We had a few minor changes (like turning call-to-action links into buttons to make them stand out) and a few content rewrites.
For example, in our step 1 page for how to apply for a visa, we listed example documents a student must provide with their application. Testers thought that these example documents were the only documents they had to provide. As such, we drafted a new page where we have stripped out the examples and link directly to the document checklist, which lists every document.
…but testing was challenging
Testing so many content areas proved difficult. It was challenging to write a script where we wanted students to navigate the site as they would naturally, but we also ultimately had to make sure they visited certain pages to see how our content performed.

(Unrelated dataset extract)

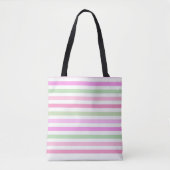 Streifen, rosa, grün tasche (Vorderseite)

It was also a challenge to test with students who had been through the visa process before. While we did ask them to imagine they were applying for the first time, they naturally wanted to share their own experiences as they went through the tasks.
While it was easier to recruit current students, going forward, it would be worth the effort to find prospective students for a test like this.
We collaborate well as a team
Probably the greatest lesson coming out of the entire project is how well my team collaborates with each other and how well we collaborate with the SIS team.
This sprint showcased how well we work together even when we are working on content individually. I was impressed with the content designers’ initiative to schedule in peer reviews to go over each other’s content together.
Our excellent collaborative skills especially helped during the complicated site publishing process, which involved a lot of switching around content in a certain order for things to go smoothly.
We did a great job of keeping each other informed of where we were at in the process, so it was clear when we could proceed onto the next go-live task.
Our main deliverable for this sprint was a new applying for a visa section.
This section contains the content areas we focused on in sprint 4 and 5, namely:
- Confirmation of Acceptance for Studies
- Financial requirements
- Applying for a visa outside the UK
- Student visa requirements and documents
You can also see our updated content for:
How this sprint informed future work
As this was the last sprint, there were no immediate actions to take into a next sprint.
However, we did walk away with some ideas for future projects and assessing our performance in this project:
- We want to conduct a usability testing playback session for our team to assess our performance in facilitating sessions. So instead of watching for usability issues, this time we will evaluate what we did well and what we can improve about our facilitation skills.
- We want to set content review meetings as a team and with stakeholders at the onset of a sprint. Rather than having to constantly check calendars when a new piece of content is ready for review, we can mark off agreed times and choose whether to meet in those spaces or not.
While this sprint wrapped up our initial collaboration with the Student Immigration Service, we already have plans to meet with them in the autumn. After getting through their busy summer period, we want to assess how our content changes have been performing and discuss how we can best collaborate with them on content work going forward.